From 9c37a0c75da7cf1ac958285b7b23312d9713e354 Mon Sep 17 00:00:00 2001
From: chenyu <chenyu@fastmail.com>
Date: Tue, 5 May 2026 11:42:14 -0400
Subject: [PATCH 2/4] Ops.FLOORDIV and Ops.FLOORMOD (#16038)
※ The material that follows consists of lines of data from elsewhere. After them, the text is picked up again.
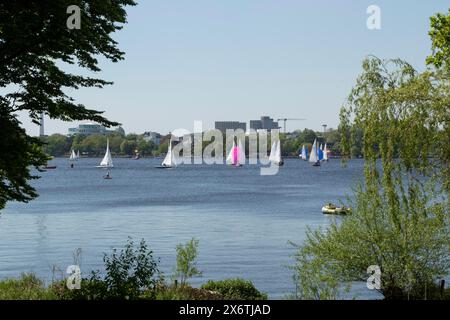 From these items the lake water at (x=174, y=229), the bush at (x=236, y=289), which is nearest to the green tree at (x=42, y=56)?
the bush at (x=236, y=289)

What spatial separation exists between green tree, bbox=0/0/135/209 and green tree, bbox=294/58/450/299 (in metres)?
9.38

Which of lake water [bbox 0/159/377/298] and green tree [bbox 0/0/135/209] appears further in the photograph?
lake water [bbox 0/159/377/298]

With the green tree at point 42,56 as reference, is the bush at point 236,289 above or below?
→ below

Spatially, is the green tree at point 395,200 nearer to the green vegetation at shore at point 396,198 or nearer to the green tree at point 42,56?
the green vegetation at shore at point 396,198

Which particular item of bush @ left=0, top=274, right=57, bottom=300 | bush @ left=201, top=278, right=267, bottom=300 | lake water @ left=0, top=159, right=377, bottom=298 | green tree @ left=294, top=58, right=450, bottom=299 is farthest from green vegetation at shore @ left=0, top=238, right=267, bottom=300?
lake water @ left=0, top=159, right=377, bottom=298

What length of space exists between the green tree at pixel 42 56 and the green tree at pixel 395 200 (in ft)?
30.8

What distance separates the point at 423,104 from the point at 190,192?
407 feet

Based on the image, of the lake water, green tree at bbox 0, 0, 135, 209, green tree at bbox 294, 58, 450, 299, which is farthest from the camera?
the lake water

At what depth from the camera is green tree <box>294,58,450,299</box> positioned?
22750 mm

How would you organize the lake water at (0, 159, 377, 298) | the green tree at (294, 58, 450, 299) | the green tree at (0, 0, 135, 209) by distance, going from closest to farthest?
the green tree at (0, 0, 135, 209), the green tree at (294, 58, 450, 299), the lake water at (0, 159, 377, 298)

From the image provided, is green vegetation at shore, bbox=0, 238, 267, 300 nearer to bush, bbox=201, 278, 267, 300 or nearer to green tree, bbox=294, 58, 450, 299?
bush, bbox=201, 278, 267, 300

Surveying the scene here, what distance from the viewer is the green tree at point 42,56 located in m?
17.6

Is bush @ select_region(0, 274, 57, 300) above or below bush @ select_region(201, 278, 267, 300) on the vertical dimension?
above
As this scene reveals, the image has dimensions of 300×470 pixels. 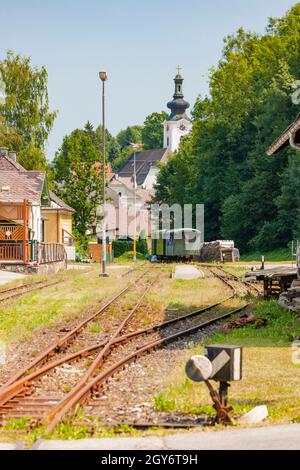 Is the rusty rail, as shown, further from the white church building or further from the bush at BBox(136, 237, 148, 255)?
the white church building

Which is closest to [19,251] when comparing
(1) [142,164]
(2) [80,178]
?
(2) [80,178]

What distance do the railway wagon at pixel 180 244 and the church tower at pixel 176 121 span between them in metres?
122

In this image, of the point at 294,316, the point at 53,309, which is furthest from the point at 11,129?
the point at 294,316

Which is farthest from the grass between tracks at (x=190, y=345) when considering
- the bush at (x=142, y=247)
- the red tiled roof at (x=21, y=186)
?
the bush at (x=142, y=247)

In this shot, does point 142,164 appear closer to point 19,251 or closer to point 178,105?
point 178,105

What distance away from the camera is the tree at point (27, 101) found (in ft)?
231

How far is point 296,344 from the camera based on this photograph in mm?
14906

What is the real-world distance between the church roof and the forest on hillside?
286 feet

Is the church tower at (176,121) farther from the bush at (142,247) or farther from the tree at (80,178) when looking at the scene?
the tree at (80,178)

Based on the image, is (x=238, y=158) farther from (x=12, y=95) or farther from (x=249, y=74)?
(x=12, y=95)

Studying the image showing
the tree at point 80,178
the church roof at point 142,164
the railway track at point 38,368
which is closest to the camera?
the railway track at point 38,368

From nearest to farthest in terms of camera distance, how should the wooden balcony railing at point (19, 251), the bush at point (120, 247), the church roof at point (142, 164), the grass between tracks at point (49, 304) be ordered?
the grass between tracks at point (49, 304), the wooden balcony railing at point (19, 251), the bush at point (120, 247), the church roof at point (142, 164)

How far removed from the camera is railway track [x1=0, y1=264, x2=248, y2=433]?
31.2ft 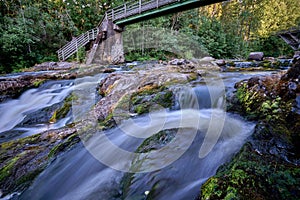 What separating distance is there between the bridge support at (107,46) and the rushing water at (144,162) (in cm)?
1401

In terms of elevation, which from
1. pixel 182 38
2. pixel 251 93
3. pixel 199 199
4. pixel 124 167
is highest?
pixel 182 38

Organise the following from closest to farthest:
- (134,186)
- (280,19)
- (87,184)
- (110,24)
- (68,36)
A: 1. (134,186)
2. (87,184)
3. (110,24)
4. (68,36)
5. (280,19)

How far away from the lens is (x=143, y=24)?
72.0 feet

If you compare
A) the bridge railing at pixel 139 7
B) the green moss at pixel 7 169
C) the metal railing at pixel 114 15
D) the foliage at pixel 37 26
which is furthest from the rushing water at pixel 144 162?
the foliage at pixel 37 26

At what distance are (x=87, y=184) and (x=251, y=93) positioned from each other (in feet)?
11.1

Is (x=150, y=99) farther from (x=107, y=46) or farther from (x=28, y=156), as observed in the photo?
(x=107, y=46)

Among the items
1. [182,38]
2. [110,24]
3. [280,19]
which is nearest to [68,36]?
[110,24]

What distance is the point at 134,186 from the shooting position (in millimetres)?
2170

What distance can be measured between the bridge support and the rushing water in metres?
14.0

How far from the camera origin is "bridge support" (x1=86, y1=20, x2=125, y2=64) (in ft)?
53.7

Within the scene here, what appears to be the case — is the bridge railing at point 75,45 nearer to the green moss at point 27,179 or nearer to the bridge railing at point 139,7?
the bridge railing at point 139,7

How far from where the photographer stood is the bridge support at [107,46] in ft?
53.7

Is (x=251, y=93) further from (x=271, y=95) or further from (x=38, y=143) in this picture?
(x=38, y=143)

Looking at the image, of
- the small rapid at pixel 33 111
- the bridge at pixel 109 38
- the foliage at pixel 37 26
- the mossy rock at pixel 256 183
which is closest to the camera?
the mossy rock at pixel 256 183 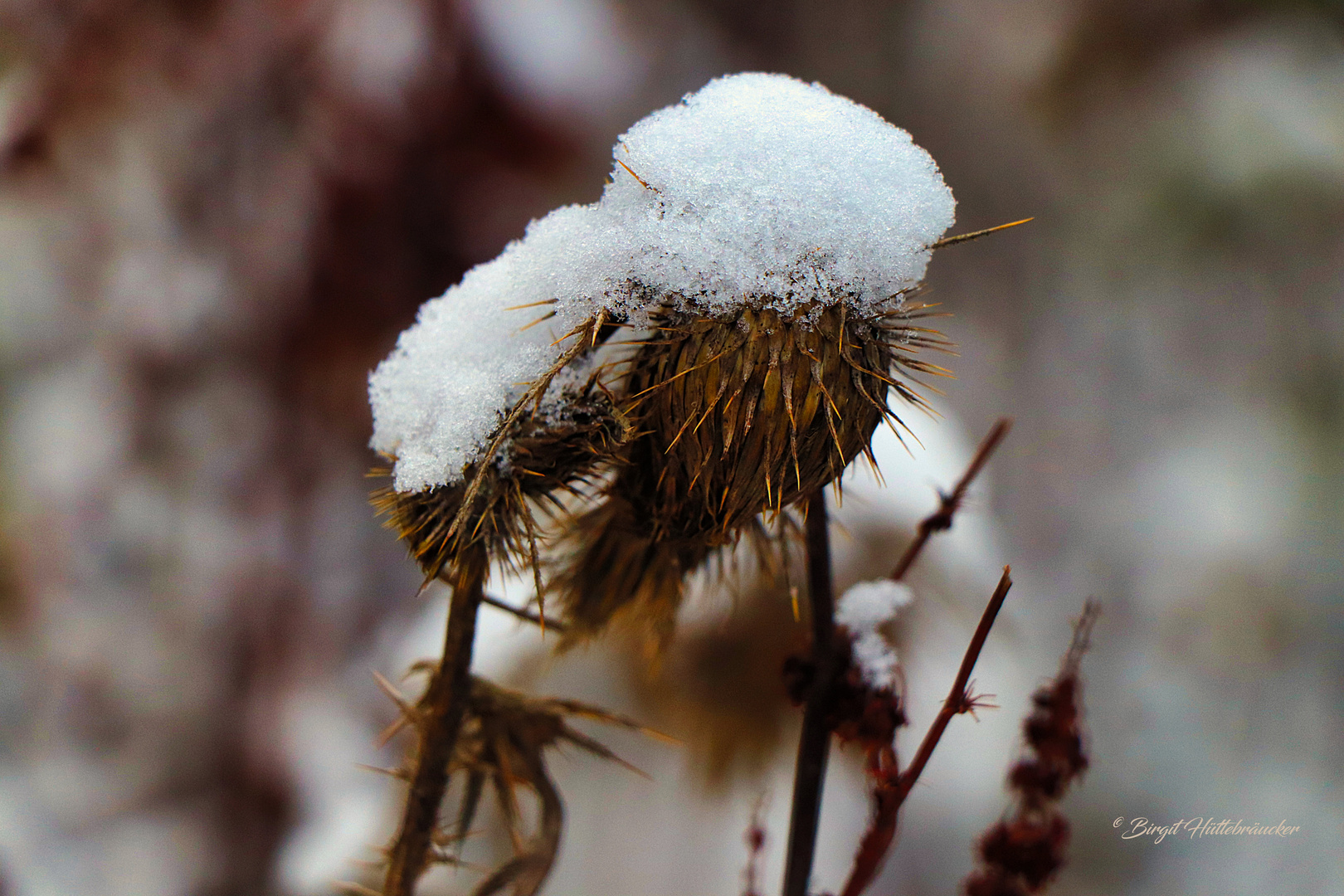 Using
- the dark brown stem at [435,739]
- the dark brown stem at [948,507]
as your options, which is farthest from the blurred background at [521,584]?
the dark brown stem at [435,739]

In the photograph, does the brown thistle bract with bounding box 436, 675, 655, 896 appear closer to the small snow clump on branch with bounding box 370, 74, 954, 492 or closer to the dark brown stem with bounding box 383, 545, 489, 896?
the dark brown stem with bounding box 383, 545, 489, 896

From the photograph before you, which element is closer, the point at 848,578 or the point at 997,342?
the point at 848,578

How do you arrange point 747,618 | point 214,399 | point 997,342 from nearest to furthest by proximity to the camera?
point 747,618
point 214,399
point 997,342

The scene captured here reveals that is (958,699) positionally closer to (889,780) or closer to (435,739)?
(889,780)

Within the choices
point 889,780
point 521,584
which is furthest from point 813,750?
point 521,584

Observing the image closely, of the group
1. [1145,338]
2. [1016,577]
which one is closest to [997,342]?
[1145,338]

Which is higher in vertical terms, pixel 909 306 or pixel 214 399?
pixel 214 399

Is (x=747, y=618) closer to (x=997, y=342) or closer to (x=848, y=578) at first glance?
(x=848, y=578) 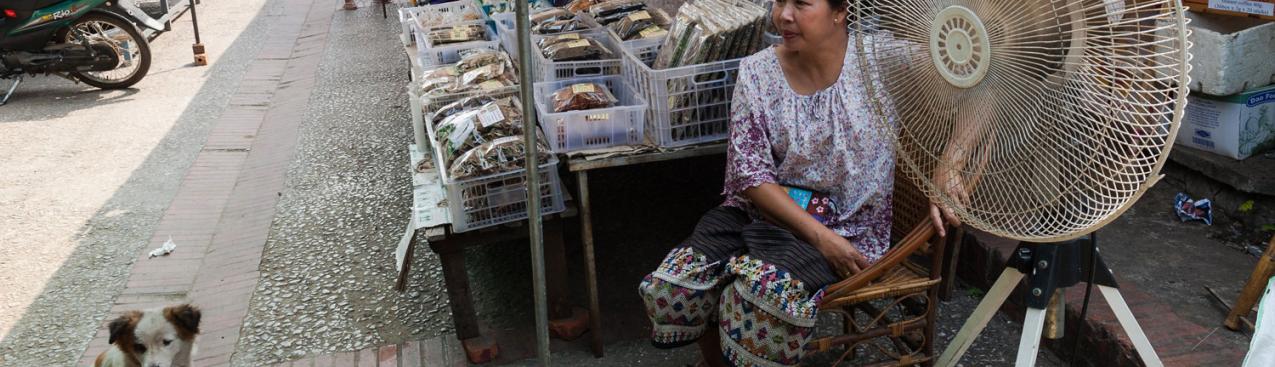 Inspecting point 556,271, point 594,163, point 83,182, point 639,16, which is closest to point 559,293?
point 556,271

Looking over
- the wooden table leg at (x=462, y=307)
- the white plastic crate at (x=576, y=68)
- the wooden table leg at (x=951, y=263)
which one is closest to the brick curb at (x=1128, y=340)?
the wooden table leg at (x=951, y=263)

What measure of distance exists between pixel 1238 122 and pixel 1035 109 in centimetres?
210

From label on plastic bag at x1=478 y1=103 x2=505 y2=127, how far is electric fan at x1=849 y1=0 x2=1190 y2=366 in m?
1.24

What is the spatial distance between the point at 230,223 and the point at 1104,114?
395 cm

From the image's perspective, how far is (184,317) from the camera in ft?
8.57

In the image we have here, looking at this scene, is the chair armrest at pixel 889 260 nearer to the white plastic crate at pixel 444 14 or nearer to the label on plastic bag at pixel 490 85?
the label on plastic bag at pixel 490 85

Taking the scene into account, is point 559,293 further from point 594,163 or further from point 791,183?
point 791,183

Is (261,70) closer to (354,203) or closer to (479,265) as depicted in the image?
(354,203)

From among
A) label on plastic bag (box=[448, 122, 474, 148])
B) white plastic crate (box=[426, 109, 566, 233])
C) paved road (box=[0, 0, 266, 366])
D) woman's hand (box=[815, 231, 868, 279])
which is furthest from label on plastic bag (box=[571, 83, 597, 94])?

* Ops.FLOORDIV and Ops.FLOORMOD

lowered into IDIV and MOD in get_late_rewrite_patterns

* still need this

* exclude

* like that?
---
 .github/workflows/test.yml      |  2 +-
 test/null/test_uop_vmin_vmax.py | 14 ++++++++++++++
 test/null/test_uops.py          | 14 ++++++++++++++
 tinygrad/helpers.py             |  3 +++
 tinygrad/tensor.py              |  6 ++----
 tinygrad/uop/__init__.py        |  5 +++--
 tinygrad/uop/decompositions.py  | 19 +++++++++++++++++--
 tinygrad/uop/ops.py             | 17 ++++++++++++++---
 tinygrad/uop/spec.py            |  6 +++---
 tinygrad/uop/validate.py        |  4 +++-
 10 files changed, 74 insertions(+), 16 deletions(-)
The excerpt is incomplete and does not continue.